Raise your hand if you’ve implemented or managed a Google AdWords campaign for your online business. Instantly, thousands of hands just touched the sky.
According to JupiterResearch, advertising trends online have mirrored those in traditional television and print media. What many online businesses have discovered is that while Google’s search capabilities are unmatched, its indexing capacity is becoming tight.
Querying a consumer-oriented term can produce a few websites associated with businesses, many of which are Google customers participating in its AdWords program. However, that same search is likely to produce a multitude of personal websites, blogs, news articles and results that are too broad for the criteria.
That’s where vertical search comes into play. Think of the burgeoning vertical-search industry as filling the same traditional-advertising niche as the trade magazine, a perfect place for advertisers in need of highly targeted results to promote their wares.
Nothing but jobs
For example, Indeed.com is a search engine used to find results associated with jobs. It’s nothing but jobs. It makes sense that some companies, whose businesses depend on some aspect of job creation, fulfillment or servicing might advertise on this search engine. It likely costs a bit more than advertising on Google, but its results are more narrowly focused. But, is moving in the direction of a vertical- search campaign always the way to go for online businesses looking to improve their advertising ROI?
Tim Kauffold is the director of business development for Michigan-based OneUpWeb. The company is comprised of online marketing professionals managing everything from developing paidsearch campaigns to mentoring businesses in all facets of online marketing.

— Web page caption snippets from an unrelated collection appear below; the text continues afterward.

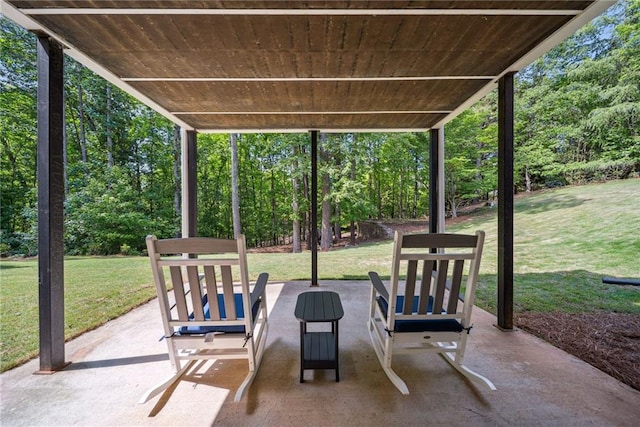 view of patio / terrace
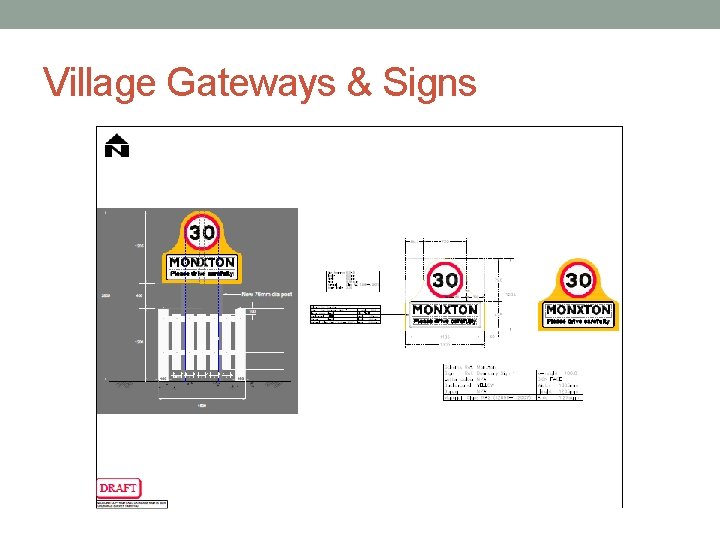 Village Gateways & Signs 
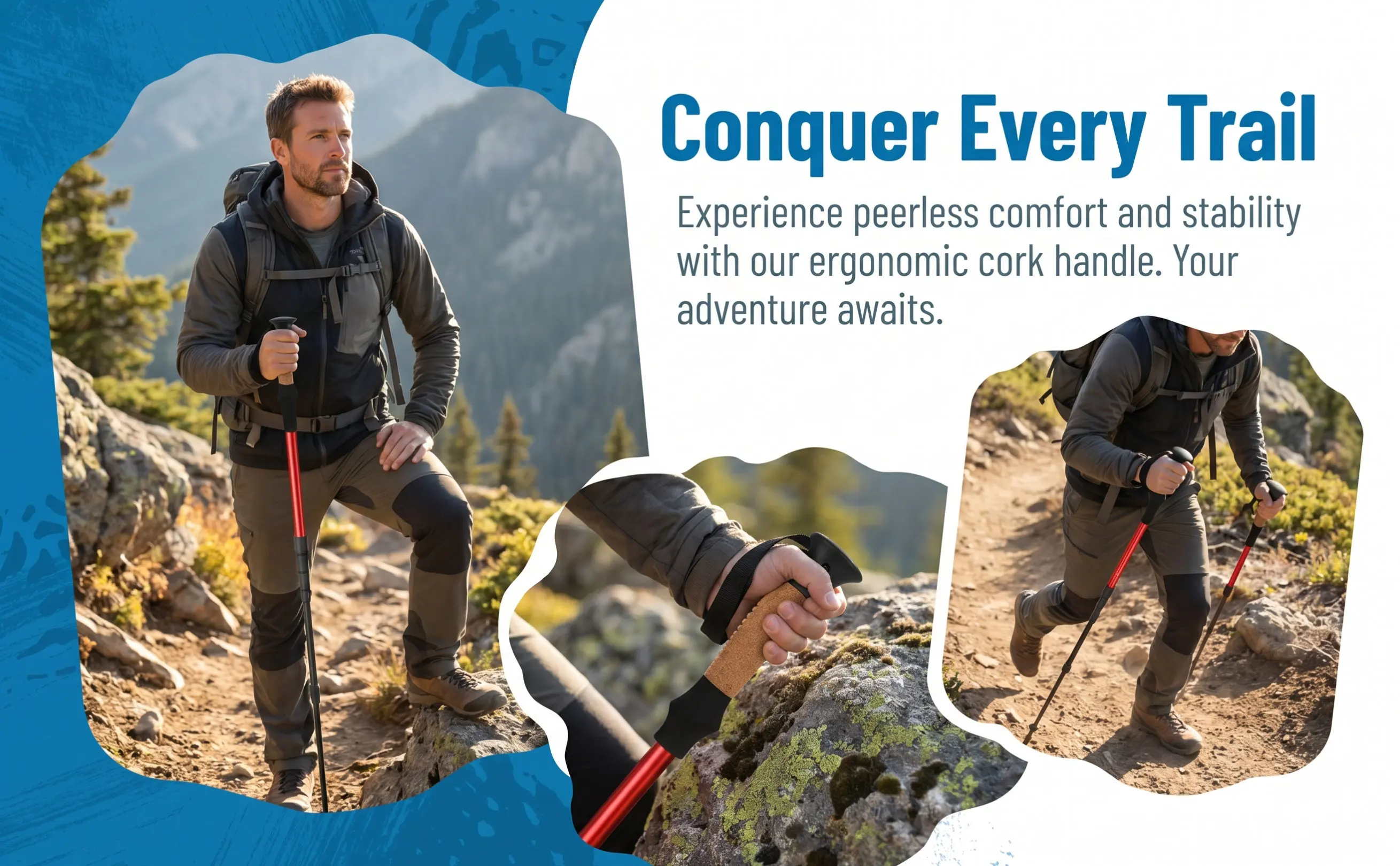 Wrist Straps Replacement Trekking Pole - Poignée de remplacement pour bâton de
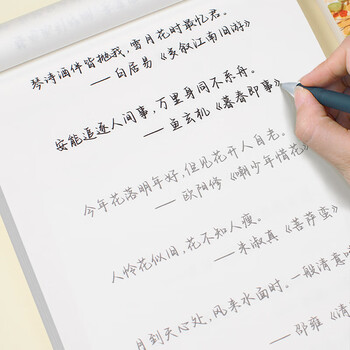 宛陵文韵 南城旧巷 诗词精选 行楷字帖手写体 优选经典古诗词牌 成人练字帖女生行书临摹钢笔硬笔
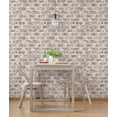 thumbnail image 4 of Brewster Jomax Grey Warehouse Brick Paste The Wall Non Woven Wallpaper, 20.5-in by 33-ft, 56.4 sq. ft., 4 of 8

He says vertical search isn’t for every company, but for those who execute a vertical- search campaign properly, it can be extremely profitable.
“But don’t overpay for traffic you could get at Google,” Kauffold said.
The premise behind the viability of the vertical search engine is that it can provide your business with more narrowly targeted results, leading to better leads and sales, or whatever your conversion metric might be.
However, you’ll never know whether a vertical- search campaign is right for your business until you track the effectiveness of any campaign already running for your business.
“They’ve just got to test, and they have to track,” Kauffold said.
Once a business has opened itself to the potential of a vertical-search campaign, determining which engine to go with requires “due diligence,” Kauffold said.
“It’s not uncommon for clicks to be a little more expensive (in the vertical-search market),” he said. Results from a vertical search engine are more targeted, more valuable and more likely to produce a higher rate of success. Regardless of the marketplace trends, what’s important is for the business owner to implement conversion tracking as part of all advertising campaigns and to adjust spending amounts based on whatever drives sales.
“I won’t say 100 percent that going with a vertical is the proper choice,” Kauffold said. “With Google, you can get very focused.”
With Google, businesses reach a much bigger audience, too. That’s why many experts recommend supplementing your Google campaigns with smaller verticalsearch initiatives. Ironically, using Google to search for vertical engines in your field of interest is a great way to find the one that’s right for you.
Kauffold said two of the better vertical engines he’s worked with include Business.com and Verticalsearch.com. Other popular vertical search engines include Answers.com and Oodle.com, not to mention any number of industry-specific websites that offer advertising opportunities.